By Michael Phillips   |   September 27, 2018

How hot is Today’s Montecito Real Estate market? The Heat Index measures buyer choices for single family homes in five price sectors. Rather than sales data, typically at least 30 days old, the Index measures signed contracts resulting in present demand and thus market strength and direction.

Since home purchases fluctuate seasonally, indeed monthly, today’s Heat is compared to this date a year ago. All data are from the Santa Barbara MLS and are uniformly deemed reliable.

Today’s total Heat score is 98, a significant increase over last year’s score of 58. 

As the chart describes, the $1-2 million group is our demand leader with a score of 39, just above last year’s score of 35.

The $2-3M group just missed the leader position by 4% and easily outperformed last year’s score of 5, while the $3-4M sector’s demand is just half of last year’s score.

The $4-5M group is always interesting to watch. Demand in this group changes more than any other. Today it scored a respectable 13, nicely outperforming last year’s score of 5.

The $5M-and-above mega estates scored a 5, bettering last year by 66.6%. Since the past winter events, sellers have left the market in significant numbers. Today, the inventory of homes for sale in this group is down 24.3% from last year. All other sectors have nearly identical inventory levels as last year’s.

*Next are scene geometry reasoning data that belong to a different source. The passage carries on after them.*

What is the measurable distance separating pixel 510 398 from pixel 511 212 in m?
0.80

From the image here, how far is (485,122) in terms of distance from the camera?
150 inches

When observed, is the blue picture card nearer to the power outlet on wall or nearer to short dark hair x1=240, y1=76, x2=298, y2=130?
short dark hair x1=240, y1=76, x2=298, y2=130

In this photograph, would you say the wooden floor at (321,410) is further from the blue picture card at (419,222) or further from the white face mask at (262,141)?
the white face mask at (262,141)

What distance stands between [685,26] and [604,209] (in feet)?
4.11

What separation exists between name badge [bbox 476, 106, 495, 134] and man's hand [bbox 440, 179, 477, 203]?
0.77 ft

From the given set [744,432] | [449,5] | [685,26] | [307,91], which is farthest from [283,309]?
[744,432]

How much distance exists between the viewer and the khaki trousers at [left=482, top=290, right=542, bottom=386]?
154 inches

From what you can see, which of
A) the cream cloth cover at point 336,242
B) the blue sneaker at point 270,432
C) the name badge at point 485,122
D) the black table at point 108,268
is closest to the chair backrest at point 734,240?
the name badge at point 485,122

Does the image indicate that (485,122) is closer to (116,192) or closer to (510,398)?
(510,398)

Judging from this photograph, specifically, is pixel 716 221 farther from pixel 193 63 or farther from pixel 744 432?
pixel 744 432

Looking at year over year comparisons, we are the only area in our MLS with a negative median price. Hope Ranch, with admittedly just a third of our sales, shows a median price increase of 37% while Montecito’s median price decreased by 8%. Sales show an equally dark picture. Hope Ranch is up a huge 37% while Montecito is down by a stunning 42%.

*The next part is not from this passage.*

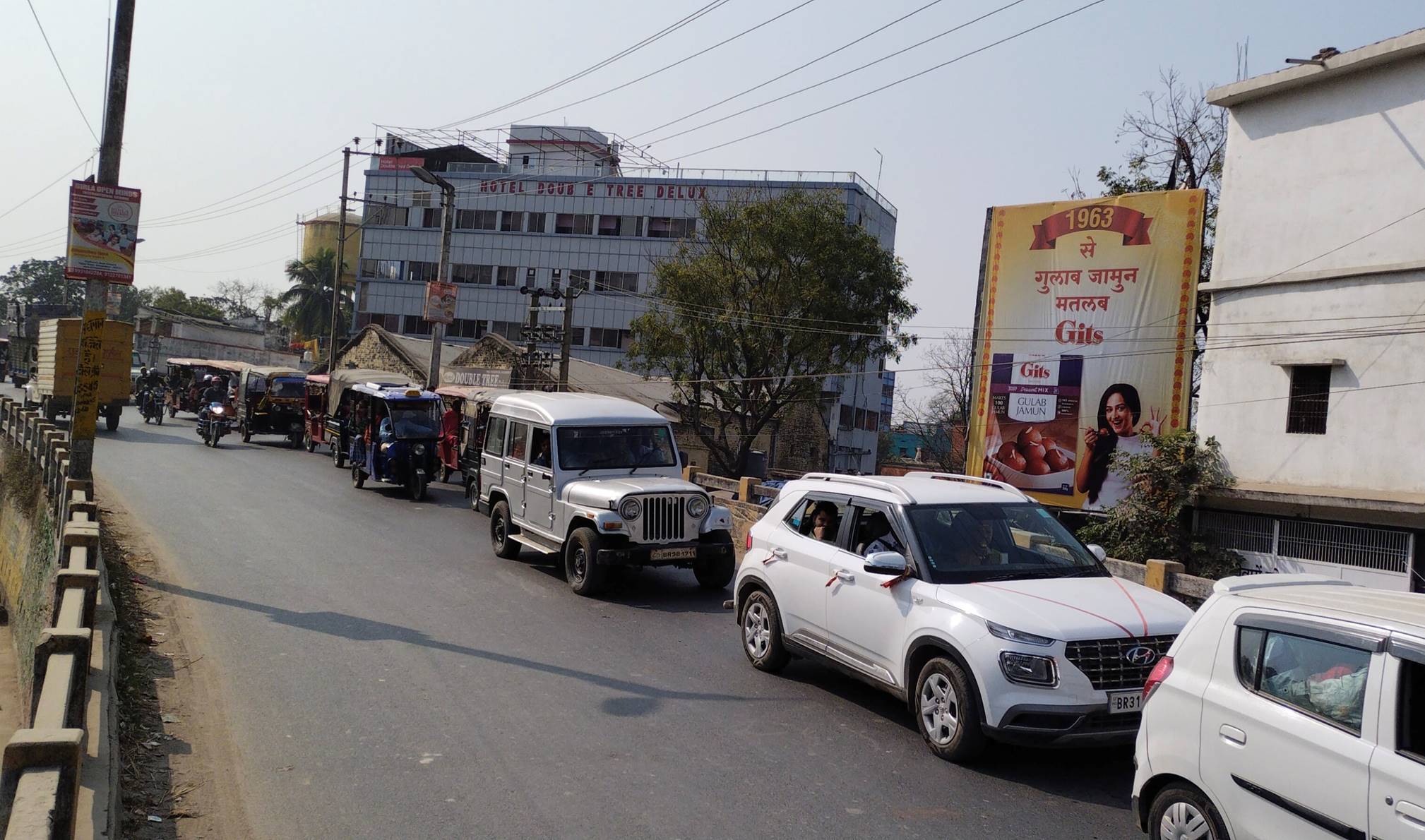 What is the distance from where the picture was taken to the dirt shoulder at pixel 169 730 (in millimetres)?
5473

Sellers are trying to hold on to their asking prices yet are growing increasingly impatient with the lack of offers they are receiving. Buyers, on the other hand, still have few homes to consider with concomitant high prices not helped by the Fed’s tightening monetary policy and President Trump’s property tax deduction cap. As home sales continue to decline for the fifth consecutive month, buyers should be increasingly demanding price reductions before saying yes, and sellers might have to become more agreeable to close escrow. Given the strong Heat number today, our sales numbers should improve as these contracts proceed to closure. 

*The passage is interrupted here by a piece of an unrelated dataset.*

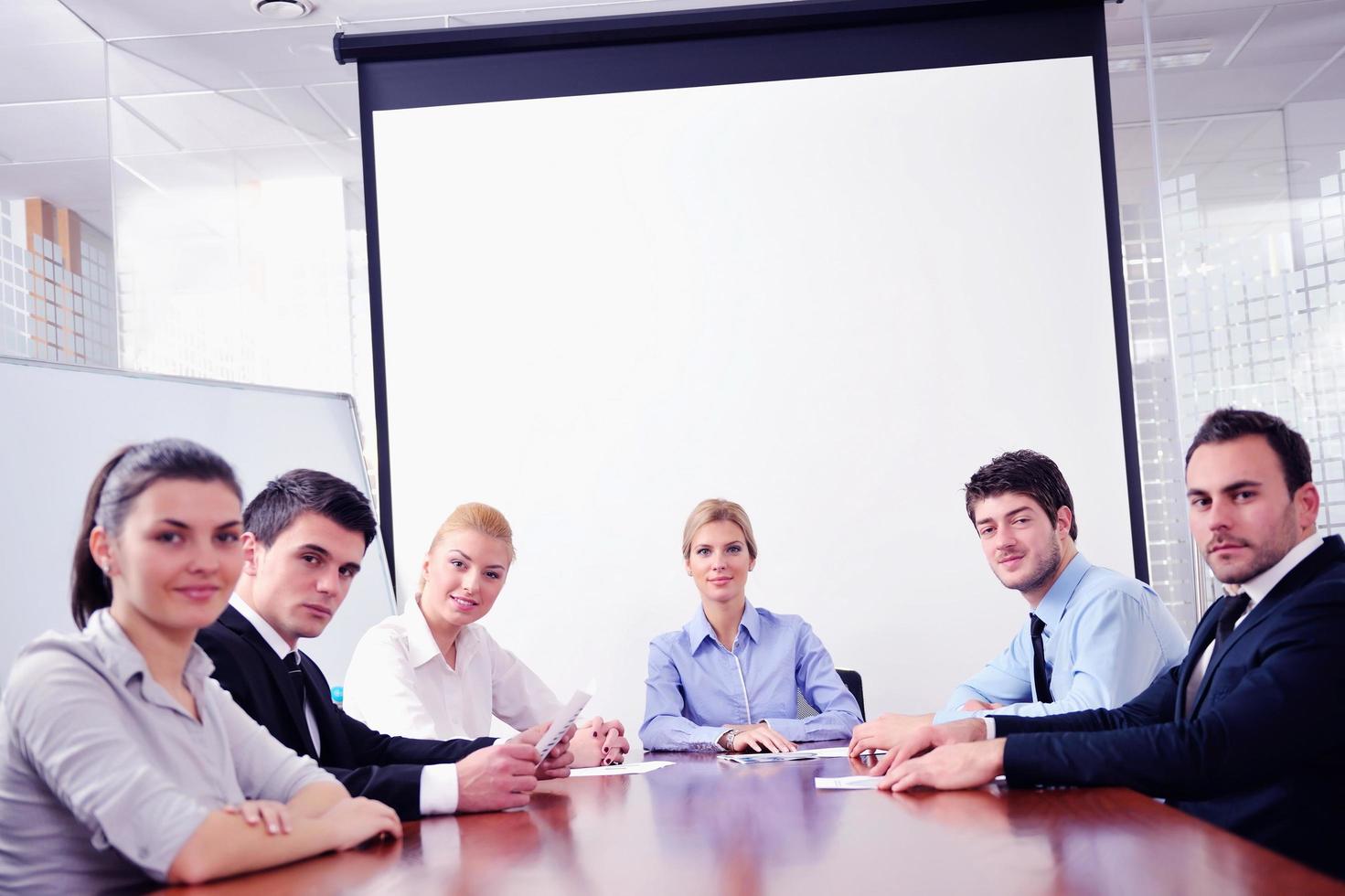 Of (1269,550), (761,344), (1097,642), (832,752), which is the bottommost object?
(832,752)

Southern California is enjoying a 7.3% median price increase with sales numbers down 12%. Most economists are questioning the duration of the nearly 10-year sellers’ market, yet don’t see a 2006 collapse on the horizon but rather a slight shift toward buyers. Most important for Montecito is getting through this winter with both average rainfall and no fire or debris flow events. Nothing will normalize our market more than that.